Dos 106 processos no Estado, apenas um tem a titulação integral do território
“Há 106 processos abertos para regularização de quilombos na superintendência do Incra no Rio Grande do Sul. Apenas quatro comunidades foram tituladas, mas mesmo assim, destas, em três a titulação do território é parcial, pois aguardam a conclusão das ações desapropriatórias. O Título de Domínio emitido pelo Incra é coletivo, em nome da associação de moradores.
O Quilombo Casca, em Mostardas, por exemplo, com 85 famílias, tem pouco mais da metade (51%) da área de 2.300 hectares concluída.
Os demais são Família Silva, em Porto Alegre (12 famílias, em 0,65 ha – 35%), o Rincão dos Martinianos, em Restinga Seca (55 famílias, em 98,5 há – 27%), a Chácara das Rosas, em Canoas (20 famílias em 0,36 há – 100%).
O Rincão dos Caixões, em Jacuizinho (22 famílias em 226,16 ha). ainda está em fase de desapropriação. O Incra está na posse do território e a comunidade está usufruindo integralmente a área, mas ainda não foi titulada.
O maior quilombo com processo em andamento no Estado é o Morro Alto. Desde 2011, 456 famílias reivindicam 4.564,4 hectares nos municípios de Maquiné e Osório.
Em Viamão, duas das três comunidades quilombolas estão com processo em curso, o da Anastácia e o Cantão das Lombas, 28 famílias em 154,75 ha, com processo em tramitação desde 8 de dezembro de 2021.
Nove quilombos gaúchos foram incluídos em uma Portaria no Diário Oficial do governo federal, mas as comunidades ainda não receberam os títulos das terras. São eles: São Miguel (Restinga Seca), Manoel Barbosa (Gravataí), Arvinha (Coxilha e Sertão), Cambará (Cachoeira do Sul), Mormaça (Sertão), Palmas (Bagé), Limoeiro (Palmares do Sul), Areal Luis Guaranha (Porto Alegre), e dos Alpes (Porto Alegre).
Censo 2022: Brasil tem 1,3 milhão de quilombolas
Dados inéditos sobre população quilombola no país foram divulgados em julho deste ano de 2023 pelo Instituto Brasileiro de Geografia e Estatística (IBGE), resultado do Censo 2022.
Segundo matéria da Agência Brasil, o país tem 1,32 milhão de quilombolas, residentes em 1.696 municípios.
Os quilombos Kalunga, em Goiás, e Erepecuru, no Pará, são os maiores do Brasil. O primeiro envolve 54 comunidades, com 888 famílias, em uma área de 261,99 mil hectares, e o segundo, vivem sete comunidades, com 154 famílias, em uma área de 231,6 mil ha.
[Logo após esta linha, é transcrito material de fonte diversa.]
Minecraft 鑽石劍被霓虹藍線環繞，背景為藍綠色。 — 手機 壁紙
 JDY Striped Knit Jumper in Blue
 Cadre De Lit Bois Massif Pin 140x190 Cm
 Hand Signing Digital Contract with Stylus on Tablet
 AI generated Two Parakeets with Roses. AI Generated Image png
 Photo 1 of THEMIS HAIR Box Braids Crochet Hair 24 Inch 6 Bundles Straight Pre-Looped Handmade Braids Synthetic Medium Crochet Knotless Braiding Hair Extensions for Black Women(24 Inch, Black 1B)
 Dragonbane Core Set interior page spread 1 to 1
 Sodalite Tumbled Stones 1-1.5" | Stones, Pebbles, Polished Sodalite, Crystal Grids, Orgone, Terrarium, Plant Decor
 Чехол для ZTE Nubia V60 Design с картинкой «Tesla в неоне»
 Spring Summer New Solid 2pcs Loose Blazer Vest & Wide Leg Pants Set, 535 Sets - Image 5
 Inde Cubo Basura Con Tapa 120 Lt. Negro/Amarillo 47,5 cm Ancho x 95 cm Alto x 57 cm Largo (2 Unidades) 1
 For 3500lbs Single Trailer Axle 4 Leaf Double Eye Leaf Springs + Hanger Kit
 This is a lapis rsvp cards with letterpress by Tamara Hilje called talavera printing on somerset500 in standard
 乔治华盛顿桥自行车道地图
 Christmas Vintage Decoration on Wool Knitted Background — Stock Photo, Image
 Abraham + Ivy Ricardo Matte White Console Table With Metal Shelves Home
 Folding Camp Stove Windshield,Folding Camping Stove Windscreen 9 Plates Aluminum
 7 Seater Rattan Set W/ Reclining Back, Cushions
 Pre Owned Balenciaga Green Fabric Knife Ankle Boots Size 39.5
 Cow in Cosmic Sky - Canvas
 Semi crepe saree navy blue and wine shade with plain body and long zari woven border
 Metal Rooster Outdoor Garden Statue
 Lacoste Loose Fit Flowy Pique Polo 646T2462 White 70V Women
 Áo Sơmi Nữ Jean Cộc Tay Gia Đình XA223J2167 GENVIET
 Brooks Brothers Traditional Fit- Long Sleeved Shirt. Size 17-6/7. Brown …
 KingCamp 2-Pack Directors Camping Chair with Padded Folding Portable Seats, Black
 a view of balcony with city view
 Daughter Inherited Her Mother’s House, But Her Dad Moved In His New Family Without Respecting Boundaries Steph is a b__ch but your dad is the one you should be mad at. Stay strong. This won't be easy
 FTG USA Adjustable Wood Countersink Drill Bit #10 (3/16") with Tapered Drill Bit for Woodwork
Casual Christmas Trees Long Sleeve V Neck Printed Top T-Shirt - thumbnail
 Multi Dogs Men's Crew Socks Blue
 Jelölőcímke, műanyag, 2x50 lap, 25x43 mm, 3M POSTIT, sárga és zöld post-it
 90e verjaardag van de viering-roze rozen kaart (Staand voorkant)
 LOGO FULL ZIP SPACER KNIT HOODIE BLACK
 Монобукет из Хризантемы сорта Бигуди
O total de títulos concedidos é de 322, em 206 territórios, envolvendo 356 comunidades, 21.093 famílias e 1,090 milhão de hectares de área titulada, dos 1,513 milhão de ha reconhecidos. Significa que 72% da área reconhecida foi titulada.
Na divulgação da publicação Brasil Quilombola: Quantos Somos, Onde Estamos?’, em Brasília, o presidente em exercício do IBGE, Cimar Azeredo, considera que os números inéditos sobre esse grupo populacional são uma verdadeira reparação histórica de injustiças cometidas no passado.
“São essas populações que mais precisam das estatísticas, desses números. A gente precisa saber quantas escolas, quantos postos de saúde, coisas relacionadas à educação e tudo o que essa população quilombola precisa, como a titulação [de terras]. Os dados que estão sendo apresentados hoje, pelo IBGE, se tornam, praticamente, uma reparação histórica”. Cimar Azeredo adiantou que, brevemente, o IBGE vai apresentar informações básicas sobre pessoas indígenas e moradores de comunidades e favelas.
A representante da Organização das Nações Unidas no Brasil, Florbela Fernandes, destacou que o levantamento e a divulgação de dados sobre a população quilombola no Brasil tem um simbolismo enorme a todo o país. “A inclusão de um quesito específico para a população quilombola [no censo] representa um marco de reparação histórica importante e que serve de investigação de referência para outros países da diáspora africana”. “Essa é a primeira pesquisa oficial para coletar dados específicos sobre a população quilombola. Após 135 anos da abolição da escravidão no Brasil, finalmente, saberemos quantos quilombolas são exatamente, onde estão, e como vivem”, comemorou Florbela Fernandes.